House, Senate finally concur on flood bill.

House and Senate conferees finally agreed on flood insurance legislation July 18, and, if approved by the full Congress as is expected, mortgage lenders could be escrowing for flood insurance for borrowers and force placing it for borrowers that dont have it by early 1995.

The bill, which has been wandering the halls of Congress in some form for more than three years, would require mortgage lenders to establish escrow accounts for flood insurance premiums for residential real estate loans if they escrow for other purposes. It would also require lenders to force place insurance for a property where the borrower is notified of the need to purchase flood insurance, but fails to purchase it.

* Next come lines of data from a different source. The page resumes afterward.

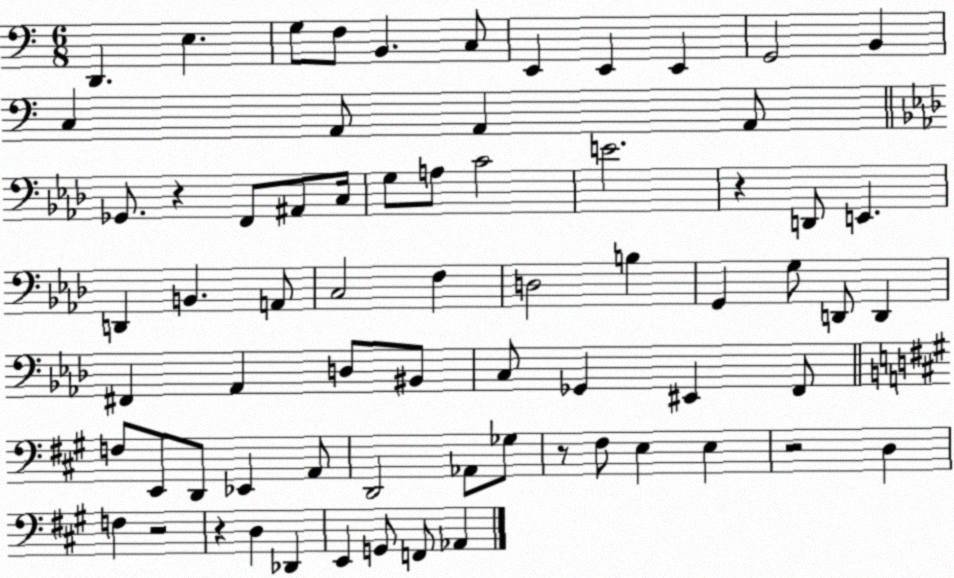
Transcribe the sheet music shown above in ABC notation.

X:1
T:Untitled
M:6/8
L:1/4
K:C
D,, E, G,/2 F,/2 B,, C,/2 E,, E,, E,, G,,2 B,, C, A,,/2 A,, A,,/2 _G,,/2 z F,,/2 ^A,,/2 C,/4 G,/2 A,/2 C2 E2 z D,,/2 E,, D,, B,, A,,/2 C,2 F, D,2 B, G,, G,/2 D,,/2 D,, ^F,, _A,, D,/2 ^B,,/2 C,/2 _G,, ^E,, F,,/2 F,/2 E,,/2 D,,/2 _E,, A,,/2 D,,2 _A,,/2 _G,/2 z/2 ^F,/2 E, E, z2 D, F, z2 z D, _D,, E,, G,,/2 F,,/2 _A,,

The bill was approved in both houses in May and, as expected, breezed through conference committee, mostly because contentious provisions previously offered in the House and Senate by Rep. Joseph Kennedy II, D-Mass., and Sen. John Kerry, D-Mass., were removedsuch as denying new construction in flood hazard areas, which home builders and Realtors found objectionable.

The bill would also:

*Require federal agency lenders and government-sponsored enterprises to ensure that flood insurance is maintained over the life of a loan;

*Allow lenders to charge a reasonable fee for flood hazard determinations on loan originations;

*Allows regulators to levy a $350 fine for each violation on lenders and GSEs who have a pattern and practice of failing to require the purchase of flood insurance. The annual penalty may not exceed $100,000 per lender;

*Require regulators, when conducting examinations, to assess lender compliance with flood insurance regulations;

*Authorize and codify the community rating system which provides incentives for preventative actions by communities to reduce losses;

*Establish a National Flood Mitigation Fund, supported by the National Flood Insurance Fund that will provide up to $20 million annually in grants to reduce the risk of flood damage;

*Requires the study of the economic impact of erosion on the NFIP and the communities that participate in the program, including an assessment of the costs and benefits of mapping erosion hazard areas;

*Repeals the flood property purchase and loan program and the erosion-threatened structures program. Activities in these programs will be eligible for funding through grants from the NFMP;

*Limits premium increases for risk clarifications of policyholders to no more than 10% per year; and

*Raises the maximum coverage amounts to $250,000 for a single-home and $500,000 for nonresidential property.

Conferees were seeking to complete work on the bill July 21, in hopes that staffers could then complete the conference report on the two bills for a vote by Congress, and then by the president before mid- August. Congress is scheduled to recess for several weeks before returning after Labor Day.